The sample included more men. Previous research reported a higher likelihood of men being critically ill or dying during hospitalization22. However, this distribution was comparable between groups, putting them at equal risks. Hypertensive patients were older and more prone to be admitted to the ICU. Despite the beneficial effect of anti-hypertensives23, the severity of cases increased in older hypertensive patients24, which might have led to higher ICU admission25. Moreover, all-cause mortality was higher among hypertensive patients above 70 years, in agreement with a multi-center study revealing that older age groups had twice the odds of death26. The number of comorbidities was significantly higher among hypertensive patients, particularly diabetes, dyslipidemia, coronary artery disease and heart failure.
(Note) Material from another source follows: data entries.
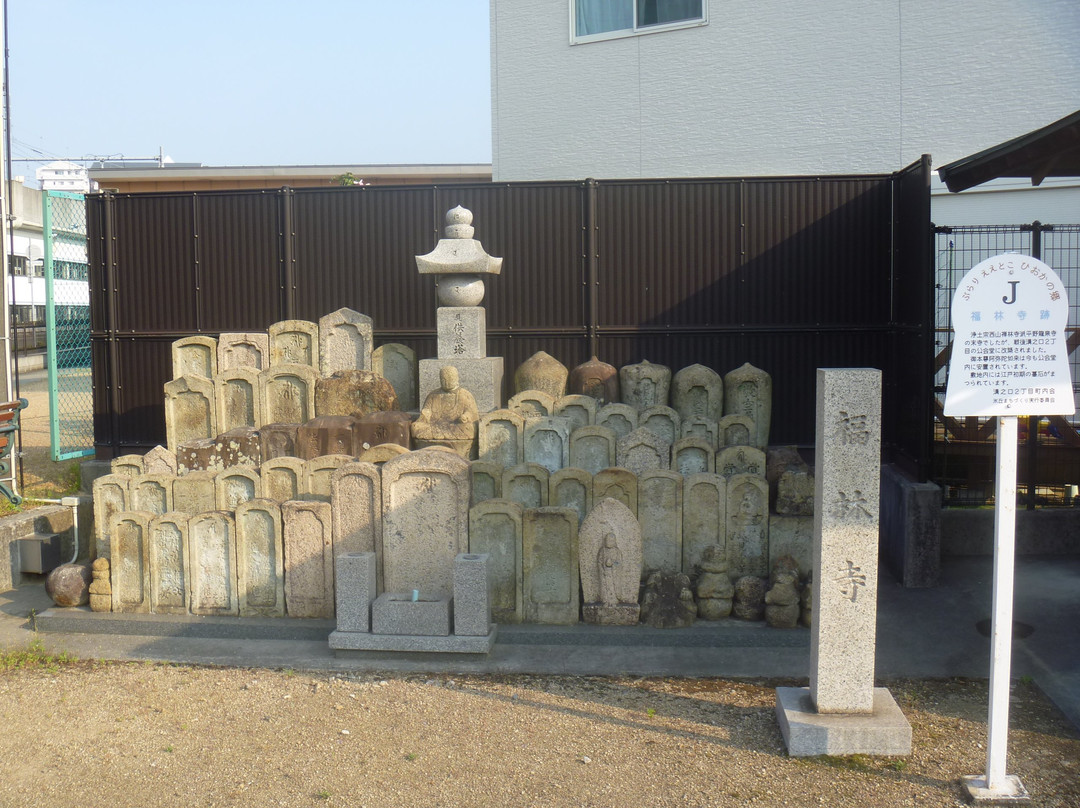 Fukurinji Trace-加古川市必去景点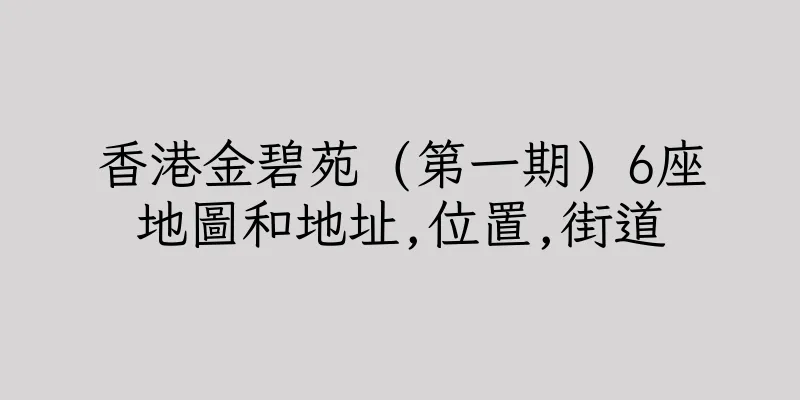 香港金碧苑 (第一期) 6座地圖和地址,位置,街道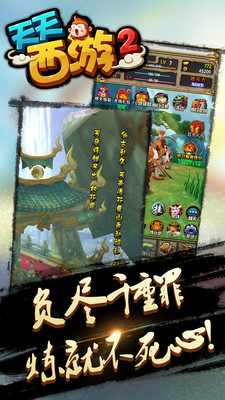 小米天天西游2 v1.0.0.1 安卓版 1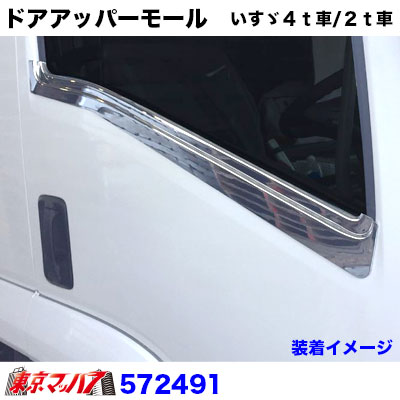 楽天市場】572491 トラック用品 ドアアッパーモールセット いすゞ07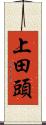 上田頭 Scroll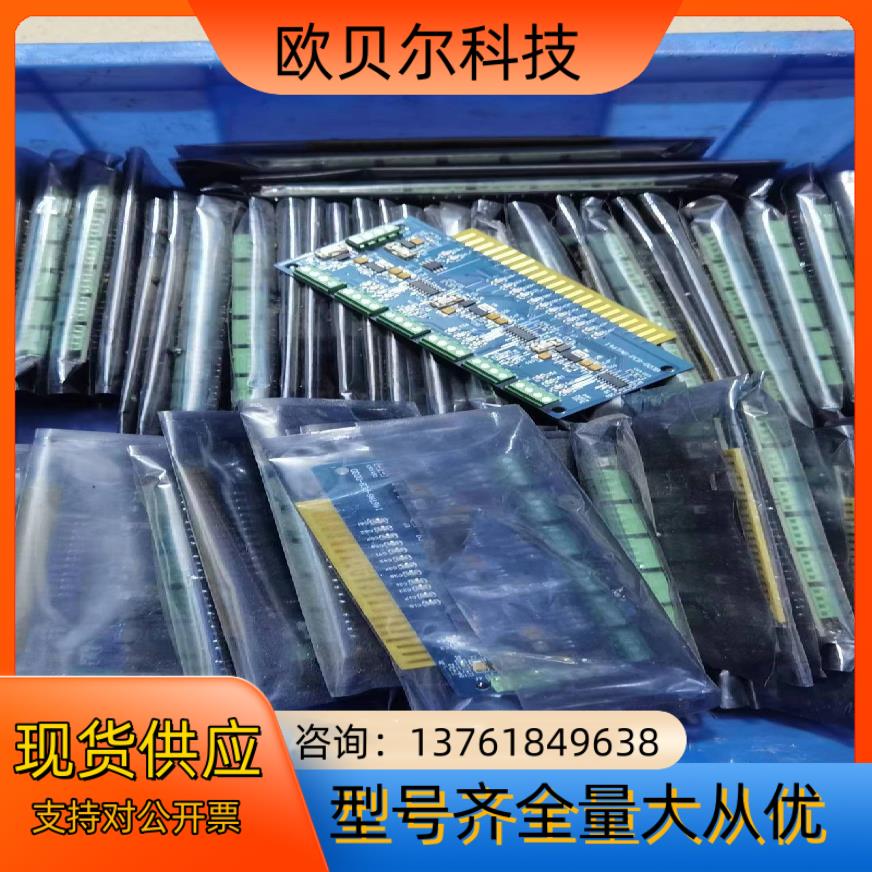什么版，一切看图，型号都在图片上，都是全新，有几十张，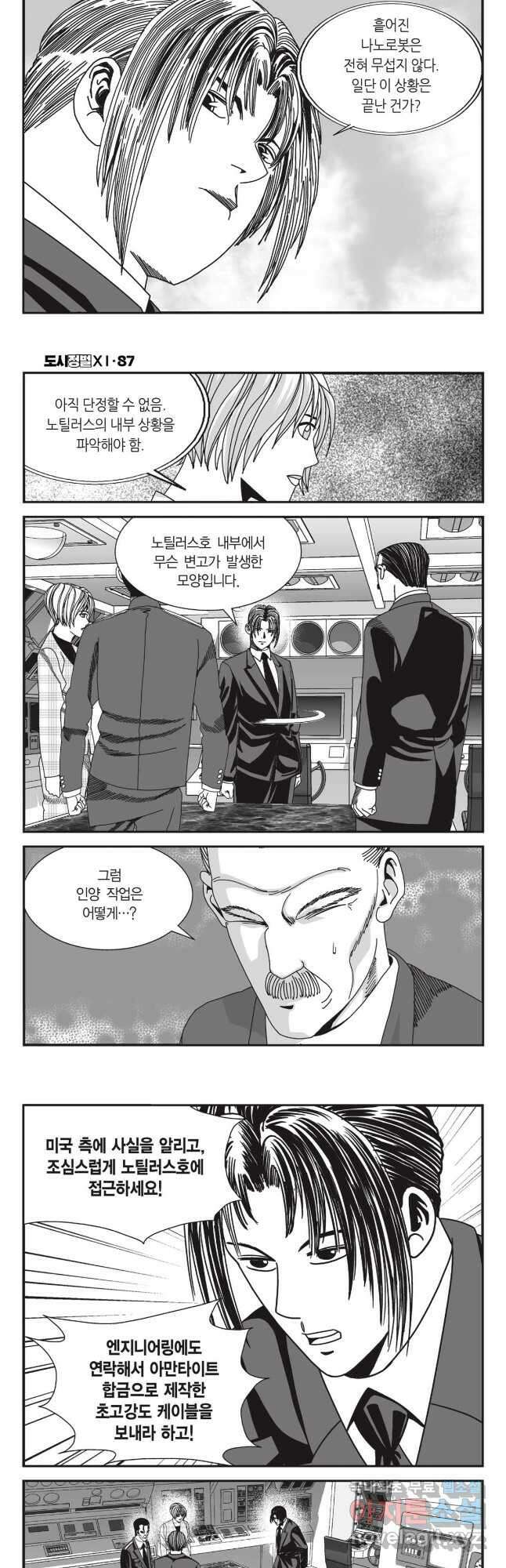 도시정벌 11부 259화 21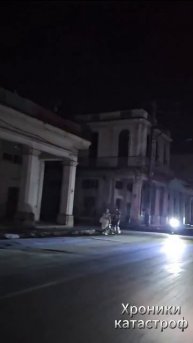Миллионы кубинцев остались без света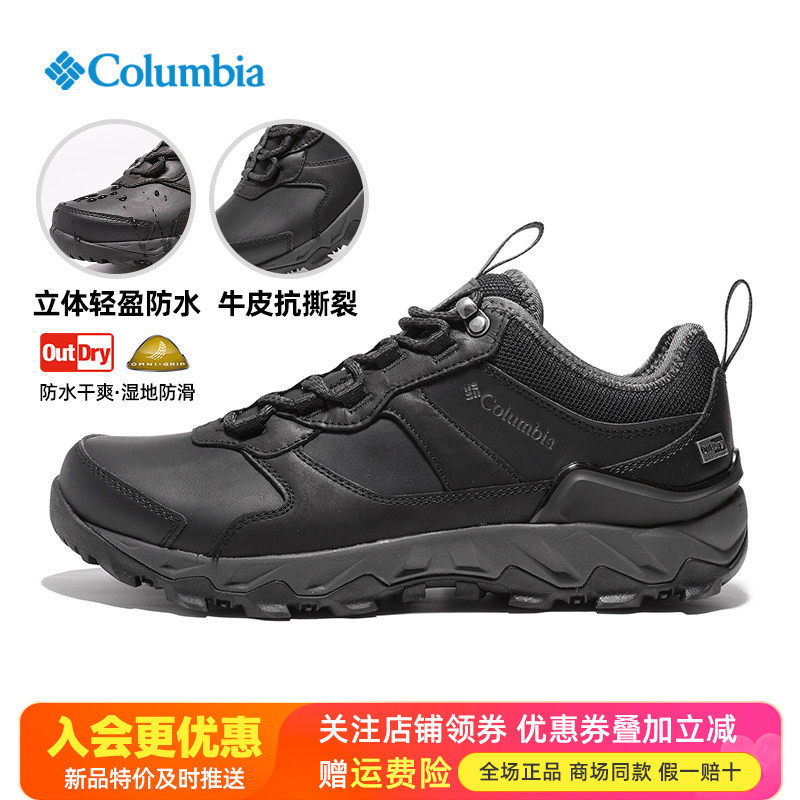 特价哥伦比亚户外男鞋牛皮Outdry防水防滑登山鞋徒步鞋YM1901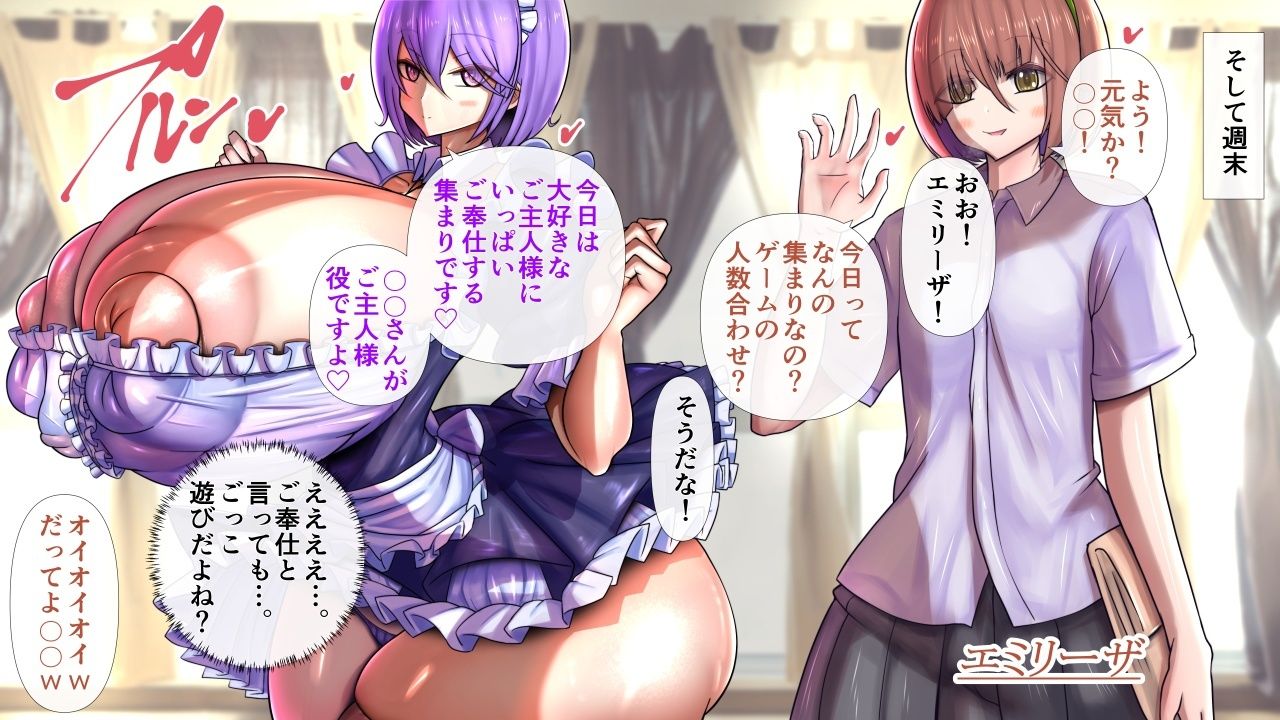 長身爆乳のメイドさんたち〜パイズリのみ・男性受け・逆転なし〜 サンプル画像4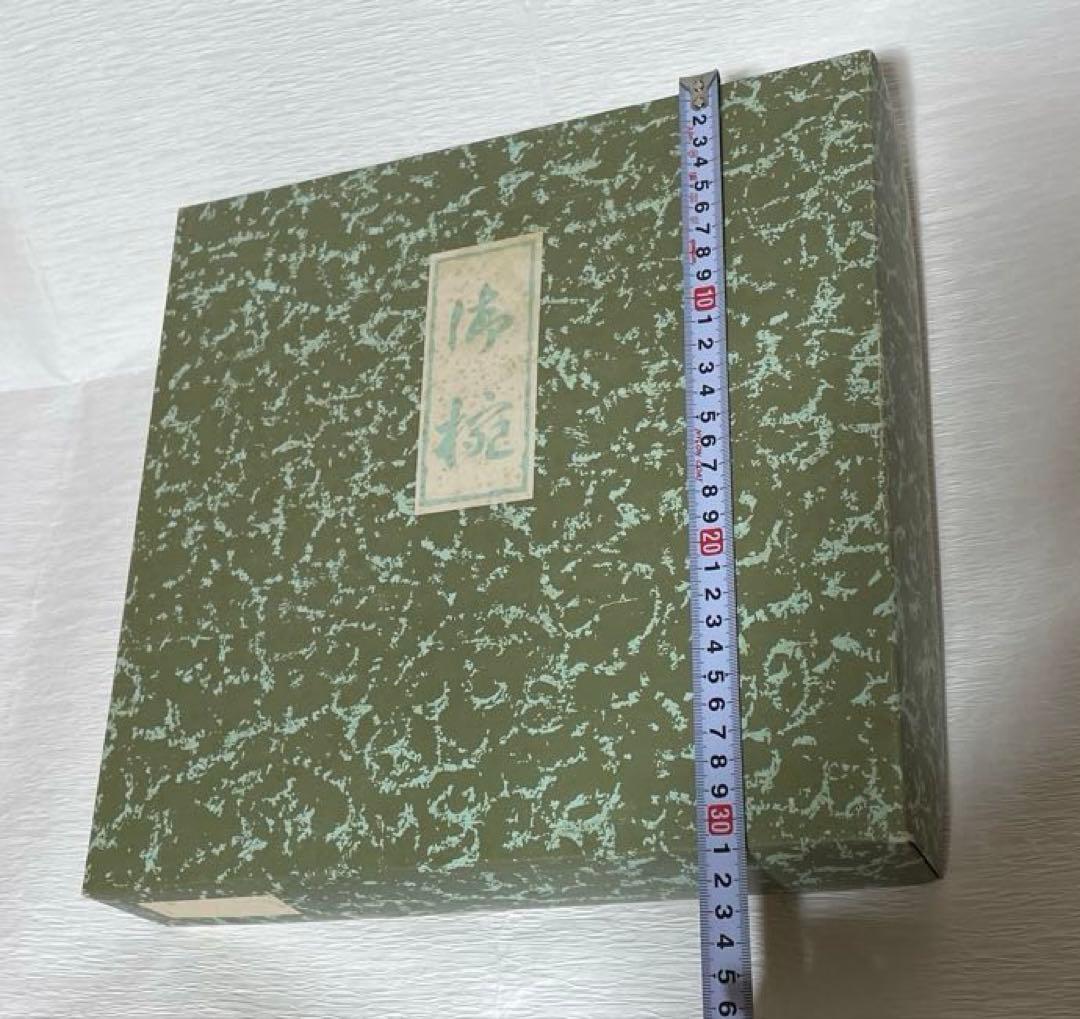 赤い漆器金彩蓋付き椀 5個セット紙箱付き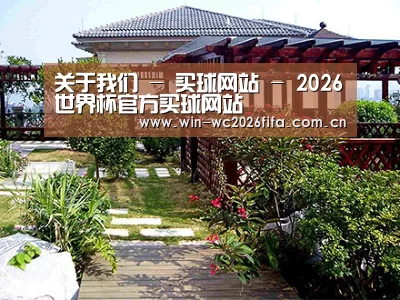 产品展示标题六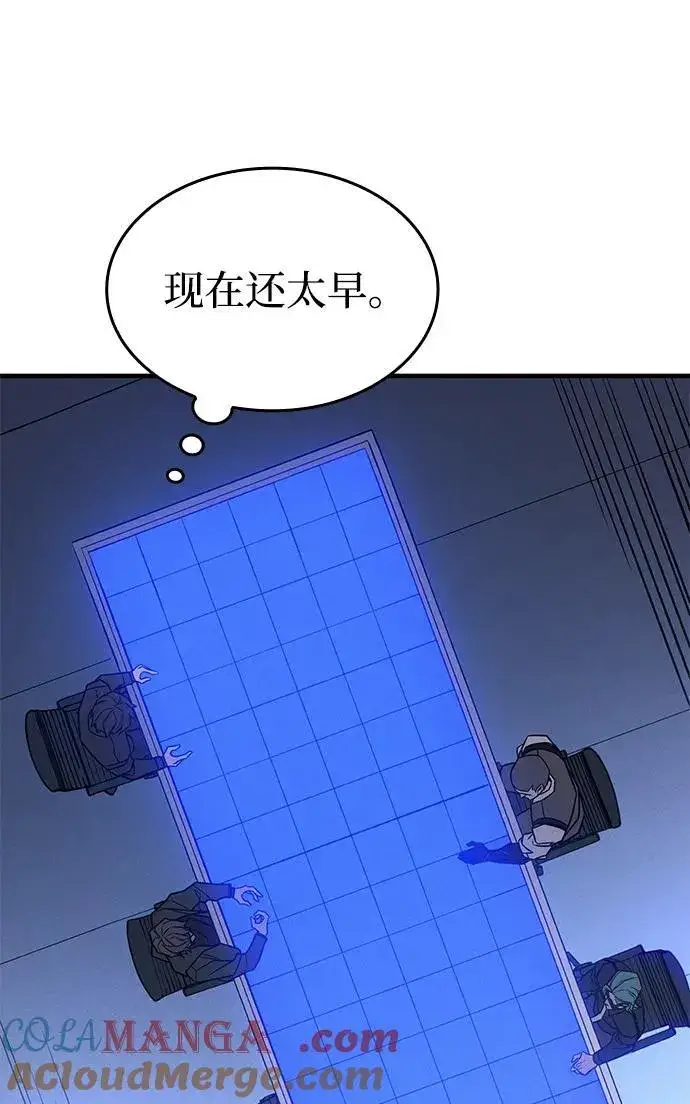 漫画《以王之力重生》第50话第37张图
Similarly, a study published in 2019 reported that hypertensive patients had a high prevalence of other cardiovascular risk factors and diseases27. Nevertheless, since the study’s primary outcome was all-cause mortality, comorbidities were reported to be associated with higher mortality in COVID-19 patients28, as shown in the present study. Patients with high last blood pressure measurements were significantly those with higher all-cause mortality in both groups. High systolic blood pressure was shown to be a covariate in mortality and survival prediction, not the actual hypertension diagnosis29, which can explain this finding. Non-smokers in the hypertensive group were mainly those who were dead. Contradictory results were found in the literature regarding the impact of smoking on all-cause mortality30-32. Although smoking was known to aggravate respiratory outcomes, smokers in the hypertensive group may be taking other medications that can interfere with the progression of the infection.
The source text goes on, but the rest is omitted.